With Firefox, it’s the price of cross-platform code. For the rest of the world, that’s the way those buttons are supposed to look.
But I understand what you’re saying, and that’s why I’m glad Camino is finally catching up with Firefox.
Peace,
Gene
I’ve been a Camino aficionado for quite a long time now, as my default browser. The speed really helps, and since I have CamiTools also installed with it, I can “spoof” almost any configuration (AOL, Windows, IE, etc.) when filling out those paid online surveys that I like to do. (Why they’re still using Explorer is indeed a mystery). Sometimes Camino has difficulty connecting to sites, but it hardly ever crashes, and I also like that ad-blocking feature. But now it’s like I can’t turn it off! I still use Safari and Firefox, but just to play web radio broadcasts. I have each one set to a different radio station’s website, so I just launch each browser (from the tool bar) and it starts playing. Pretty nifty! I also prefer Camino because I can adjust the font size right on the tool bar. It’s a really smooth ride, Mac lovers, so take it for a test spin today!

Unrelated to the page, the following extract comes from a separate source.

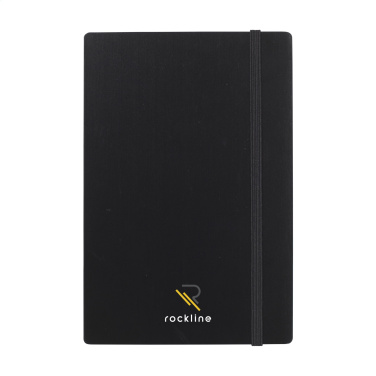 Logo trade promotional items image of: Bamboo Journal Naked Spine Paper Notebook Black A5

“[…] hoping that the folks at Mozilla would eventually get with the program and give it the major upgrade it deserves.”
“The folks at Mozilla” will never upgrade Camino; Camino has been developed entirely by a small number of volunteers since before 0.8. While Mozilla provides us build machines, hosting, use of bugzilla, and other resources of that nature, no Camino-specific development is done by Mozilla employees (or any other kind of paid employees). The slower development isn’t a business decision, it’s a function of the fact that it’s a few of us working on it in our spare time.
So perhaps you can tell us: Where does Camino go from here? Can you give us an indication of how it will be enhanced in the near future?